Given records Block Start

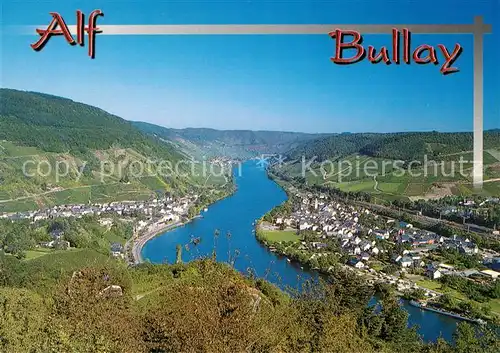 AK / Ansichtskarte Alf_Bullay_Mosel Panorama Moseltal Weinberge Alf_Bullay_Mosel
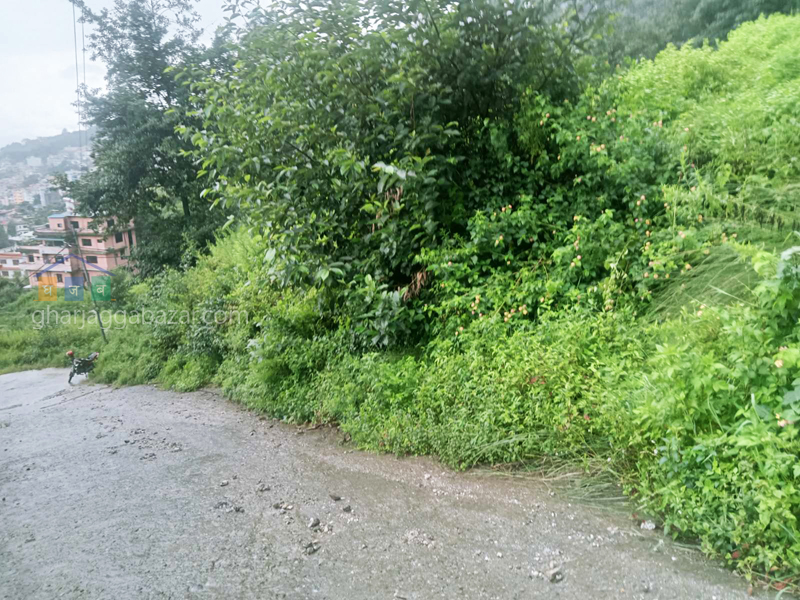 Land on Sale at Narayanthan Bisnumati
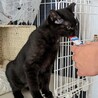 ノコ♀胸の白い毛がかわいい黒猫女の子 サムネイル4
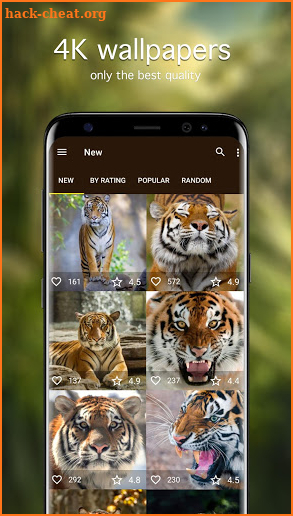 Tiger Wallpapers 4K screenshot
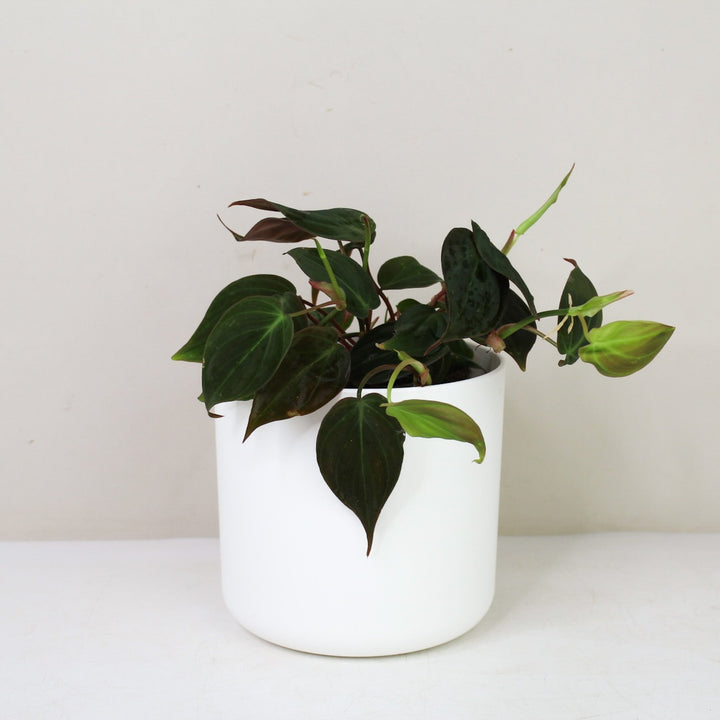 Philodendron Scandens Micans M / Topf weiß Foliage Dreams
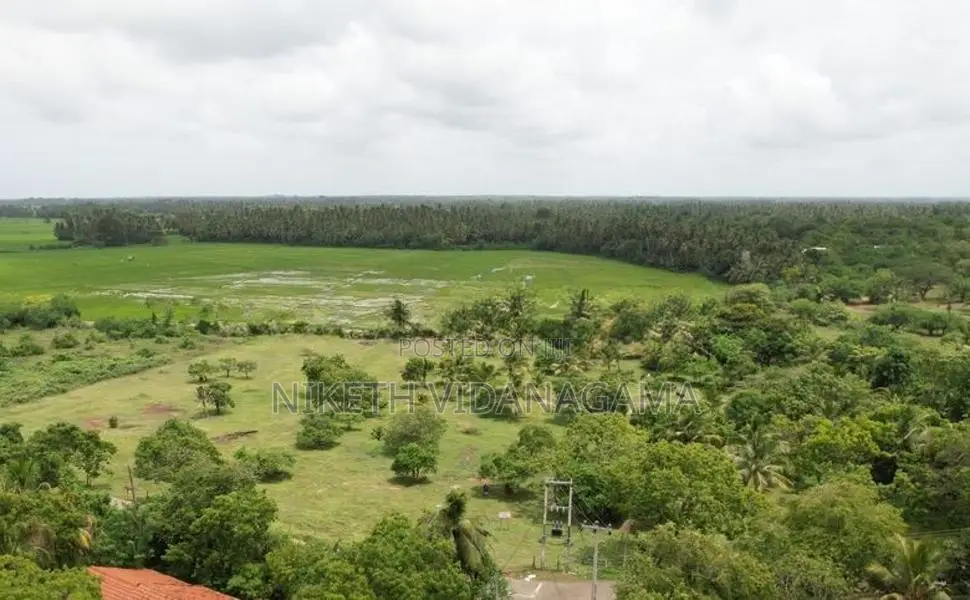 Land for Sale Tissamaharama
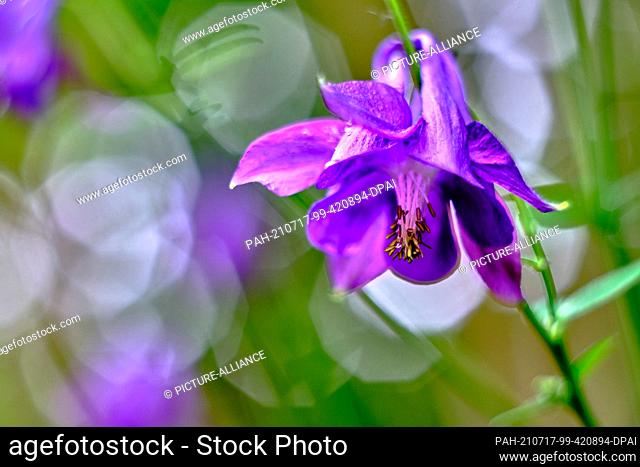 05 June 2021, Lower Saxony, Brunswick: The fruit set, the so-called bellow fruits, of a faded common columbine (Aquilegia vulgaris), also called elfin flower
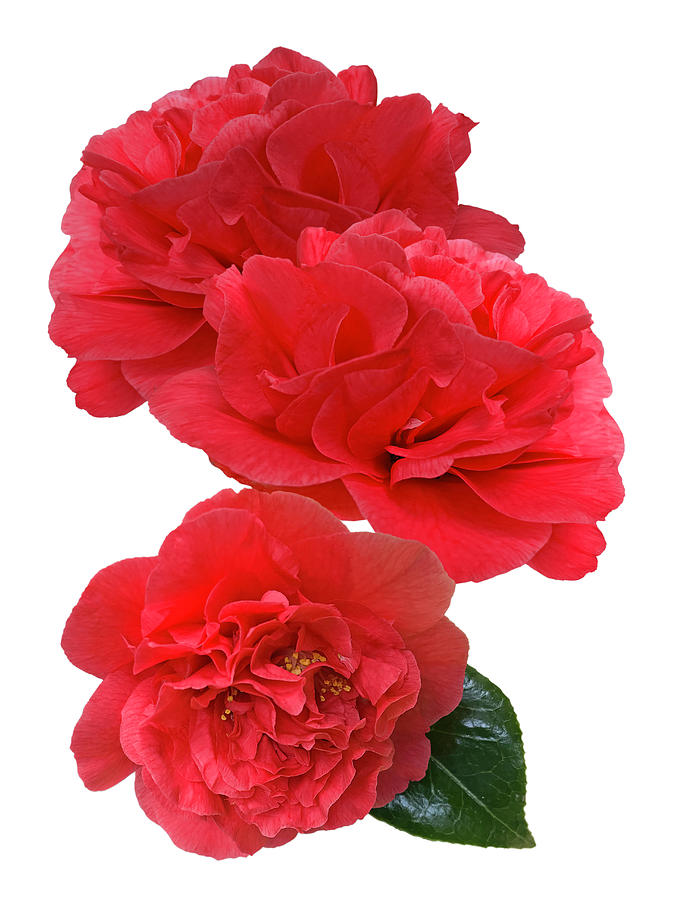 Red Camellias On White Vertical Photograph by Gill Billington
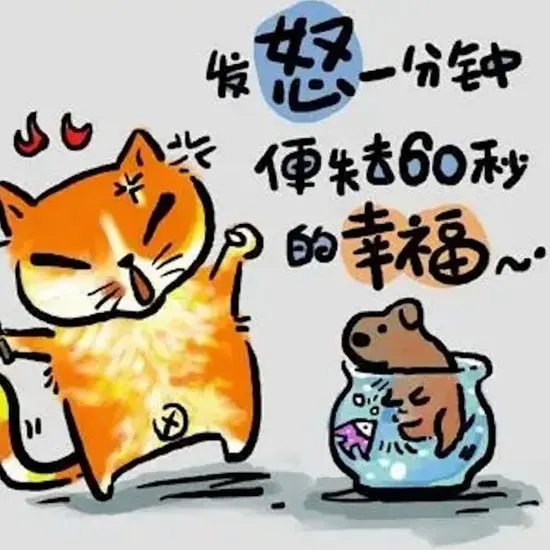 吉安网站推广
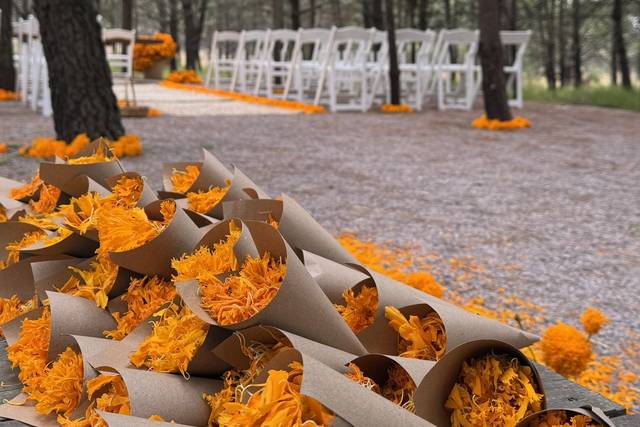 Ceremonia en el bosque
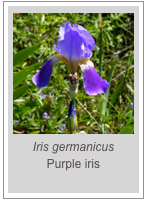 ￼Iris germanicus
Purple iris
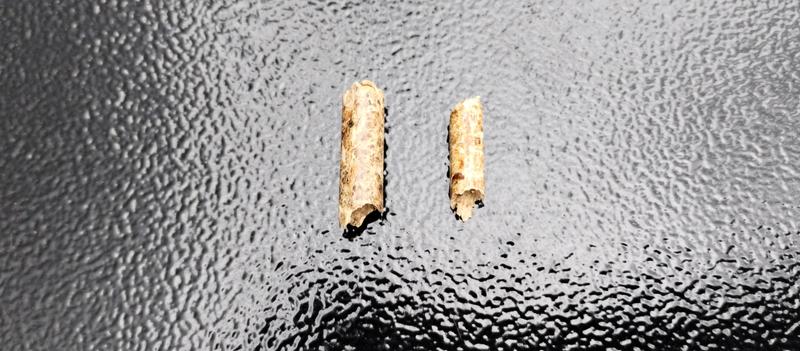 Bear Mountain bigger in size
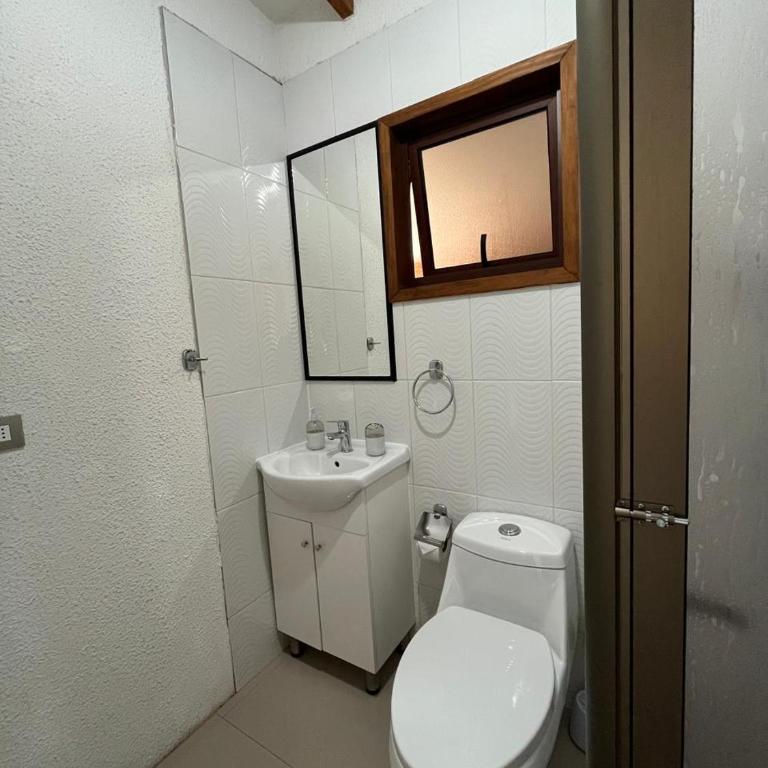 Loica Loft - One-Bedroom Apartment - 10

Given records Block End

▶ _Exercise goal_: Copy back exactly the lines above from the one containing "Philodendron Scandens Micans" through the one containing "Purple iris", and leave every picture behind.

▶ _Response area_:
 Philodendron Scandens Micans M / Topf weiß Foliage Dreams
 Land for Sale Tissamaharama
 05 June 2021, Lower Saxony, Brunswick: The fruit set, the so-called bellow fruits, of a faded common columbine (Aquilegia vulgaris), also called elfin flower
 Red Camellias On White Vertical Photograph by Gill Billington
 吉安网站推广
 Ceremonia en el bosque
 Iris germanicus
Purple iris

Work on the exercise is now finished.